I was working in a bar back in Oklahoma called The Deli, I had a full show put together complete with scantily clad ladies known as the Vomets. I had a large steamer trunk in front of the stage from which I was doing a chain escape. I was also doing a straitjacket escape. So during the show I proclaim that I am going to attempt to beat Houdini’s record time from escaping from a jacket, not only that but I would do it upside down, so I had a monster of a man strap me in and then was suspended high above the stage, I start writhing and struggling when I feel that I am falling, then I black out. From the audience point of view I am in the air one second then I fall, I disappear from view between the steamer trunk and stage, I don't get up, I am not moving. Recently, a fellow escape artist broke his neck from stage diving in a straitjacket and people thought that I might have suffered a similar fate.

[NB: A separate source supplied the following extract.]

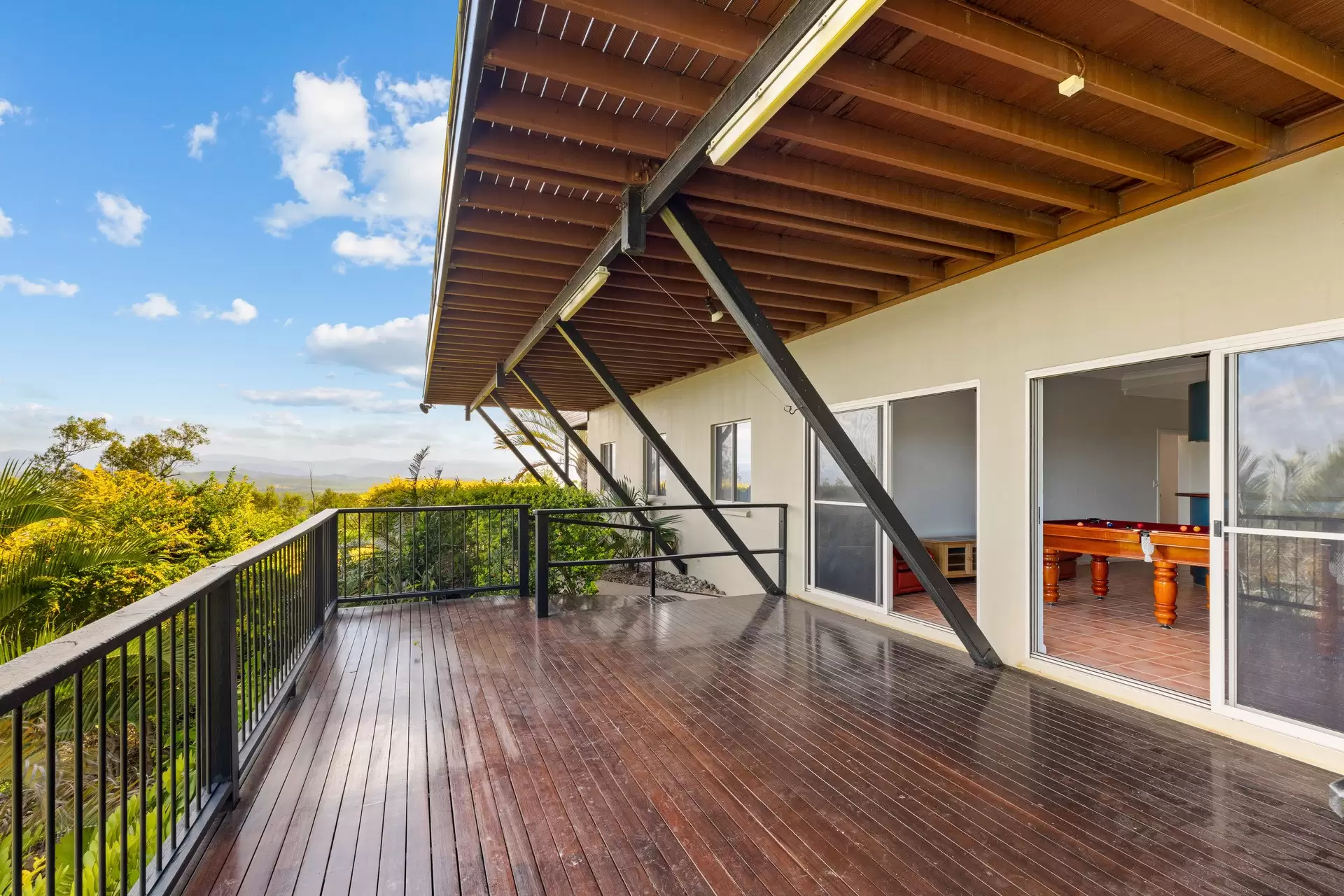 1165 Midge Point Road, Midge Point Sold by Queensland Sotheby's International Realty - image 1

part2.jpgSi the Vomet ran over as I came to, I could still move but my back was killing me. I was lucky enough that when I was falling, my body was curled, my back scraped along the edge of the stage as I was falling, which helped break my fall instead of taking all of it on my head, I stood up from behind the trunk and then announced to the audience that I was going to continue to attempt to break Houdini’s time, but not only that, I would attempt to beat his time with a concussion!

Well I escaped, but afterwards I had a giant bruise across my entire back that looked like bloody hamburger. If I landed square on my head I could have killed or paralyzed myself. That was my sideshow brush with death.